* _Provided data_
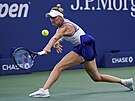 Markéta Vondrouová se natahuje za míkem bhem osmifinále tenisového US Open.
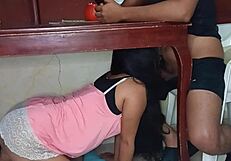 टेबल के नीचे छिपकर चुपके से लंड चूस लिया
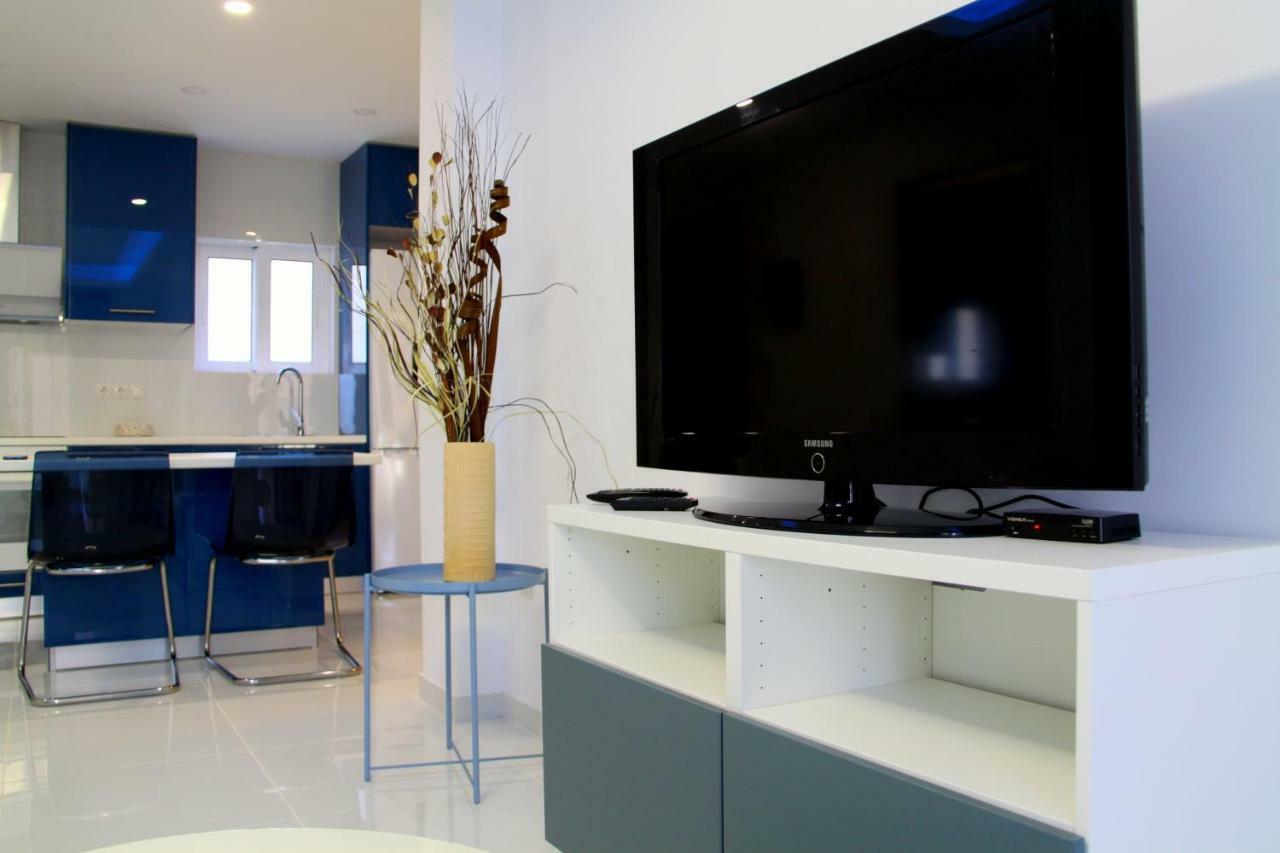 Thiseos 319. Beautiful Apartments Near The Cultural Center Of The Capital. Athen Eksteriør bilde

* _What to work on_
With images left out, the data must be transcribed exactly.

* _Written answer_
 Markéta Vondrouová se natahuje za míkem bhem osmifinále tenisového US Open.
 टेबल के नीचे छिपकर चुपके से लंड चूस लिया
 Thiseos 319. Beautiful Apartments Near The Cultural Center Of The Capital. Athen Eksteriør bilde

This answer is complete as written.